All of which suggests that it would be awfully difficult for a computer to make any sense out of this billboard. I imagine that many of the abovementioned background facts are included in that big database of common-sense information that some AI researchers developed, but I'd be very surprised if all of that info is in that database. So partly I'm just saying AI is hard.
But I think this is also a useful object lesson for writers of speculative fiction, because it's often tempting to write stories in which an alien who doesn't speak English very well makes funny mistakes due to total lack of cultural knowledge. But my feeling is that it's impossible to achieve real fluency in a language without some cultural knowledge. There's enough that's common among human cultures that it's possible for a human to get by in another language even without much cultural knowledge. But for an alien with absolutely no understanding of human cultures at all, I'm pretty skeptical that they'd be able to put together coherent sentences in a human language.
(Yes, most of the time this is done in stories intended to be funny, and I know that this level of logical rigor shouldn't be applied to comedic stories. It could even be argued that this is yet another of those genre conventions I'm always talking about, probably borrowed from an older genre convention in movies. So perhaps I ought to just label it a pet peeve, and note that I have a hard time seeing past what feels to me like a basic logic hole in this case, unless the story strikes me as so funny that I forget to think about it.)

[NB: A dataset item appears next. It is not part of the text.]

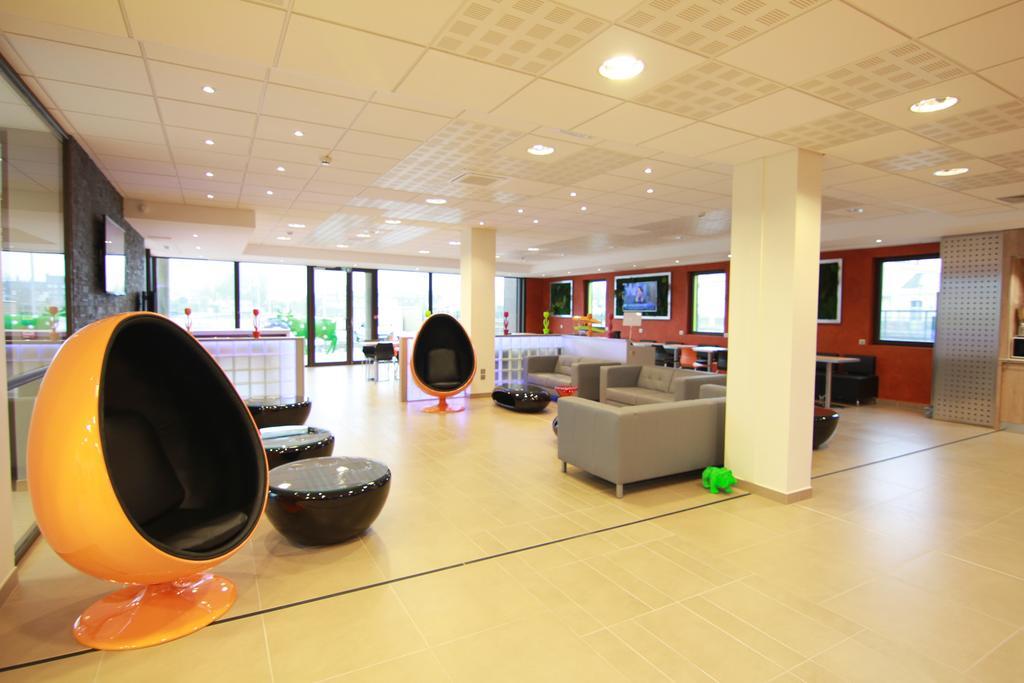 Ibis Styles Flers Hotel Bagian luar foto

(And just to be clear, I'm not talking about the kind of thing where an alien doesn't understand a few obscure words. ("What is this 'zeugma' you speak of, human?") I'm talking about the kind of thing where, for example, an alien speaks in normal colloquial idiom-filled English but fails to recognize that English words can have more than one meaning.) (I might make a grudging exception in the case where that only-one-meaning idea is explicitly a major plot element, like in "Spice Pogrom".)
I suppose another way of putting all this is that before an alien can even say "Take me to your leader," they have to know (and/or assume, and/or share) a fair bit of background about human cultures and political systems.